Question

Find the value of $\left( {x + y + z} \right)\left( {{u_x} + {u_y} + {u_z}} \right)$ when $u = \log \left( {{x^3} + {y^3} + {z^3} - 3xyz} \right)$
$\left( a \right){\text{ 0}}$
$\left( b \right){\text{ x - y + z}}$
$\left( c \right){\text{ 2}}$
$\left( d \right){\text{ 3}}$

Answer 1

Hint:
First of all we will find the derivative of \[u = \log \left( {{x^3} + {y^3} + {z^3} - 3xyz} \right)\] with respect to $x, y, z$ for ${u_x}, {u_y}, {u_z}$ respectively.

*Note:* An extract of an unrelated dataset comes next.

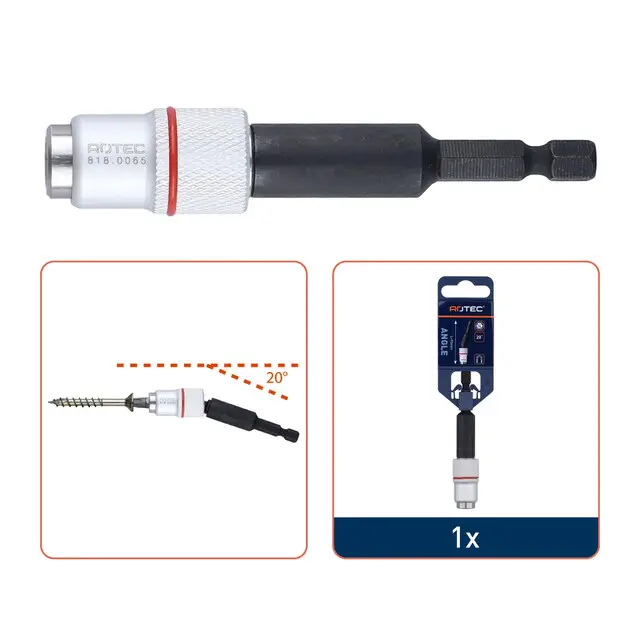 Exclusief Rotec Angle Magnetische Bithouder - Met Kogelgewricht - E6.3 x 65 mm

After that, we will add all three equations, and on solving we will get the values.

Formula used:
As we know
$z$${x^3} + {y^3} + {z^3} - 3xyz = \left( {x + y + z} \right)\left( {{x^2} + {y^2} + {z^2} - xy - yz - xz} \right)$
Differentiation formula,
$\dfrac{{d\log x}}{{dx}} = \dfrac{1}{x}$
$\dfrac{{d{x^n}}}{{dx}} = n{x^{n - 1}}$

Complete step by step solution:
As we have the equation given as \[u = \log \left( {{x^3} + {y^3} + {z^3} - 3xyz} \right)\]
Now on differentiating with respect to $x$, we get
\[ \Rightarrow {u_x} = \dfrac{{du}}{{dx}} = \dfrac{{3{x^2} - 3yz}}{{{x^3} + {y^3} + {z^3} - 3xyz}}\], we will name it equation $1$
Similarly, on differentiating with respect to $y$, we get
\[ \Rightarrow {u_y} = \dfrac{{du}}{{dy}} = \dfrac{{3{y^2} - 3xz}}{{{x^3} + {y^3} + {z^3} - 3xyz}}\], we will name it equation $2$
Similarly, on differentiating with respect to $z$, we get
\[ \Rightarrow {u_z} = \dfrac{{du}}{{dz}} = \dfrac{{3{z^2} - 3xy}}{{{x^3} + {y^3} + {z^3} - 3xyz}}\], we will name it equation $3$
Now on adding all these three equations, we get
\[ \Rightarrow \dfrac{{du}}{{dx}} + \dfrac{{du}}{{dy}} + \dfrac{{du}}{{dz}} = \dfrac{{3\left( {{x^2} + {y^2} + {z^2} - xy - yz - zx} \right)}}{{{x^3} + {y^3} + {z^3} - 3xyz}}\]
Therefore by using the formula we can write the RHS denominator as
\[ \Rightarrow \dfrac{{du}}{{dx}} + \dfrac{{du}}{{dy}} + \dfrac{{du}}{{dz}} = \dfrac{{3\left( {{x^2} + {y^2} + {z^2} - xy - yz - zx} \right)}}{{\left( {x + y + z} \right)\left( {{x^2} + {y^2} + {z^2} - xy - yz - xz} \right)}}\]
Therefore, the same term will cancel each other and we get
\[ \Rightarrow \dfrac{{du}}{{dx}} + \dfrac{{du}}{{dy}} + \dfrac{{du}}{{dz}} = \dfrac{3}{{\left( {x + y + z} \right)}}\]
Therefore, the equation we can write as

$ \Rightarrow \left( {x + y + z} \right)\left( {{u_x} + {u_y} + {u_z}} \right) = 3$

Additional information:
This type of question becomes very easy if we know the differentiation and some basic algebraic formula. Through this, we can easily solve it. As here in this question what we did is just the basic differentiation and by using one of the properties of algebra we get the values of the equation easily.

Note:
In this question, while doing the calculation we have to be aware and do the step-by-step solution as it will reduce the chances of error, and also we will not get confused while solving it. This question can also be asked in a different way as instead of ${u_x},{u_y},{u_z}$they will give us the question in the form of a derivative. So we don’t have to panic. The question is the same.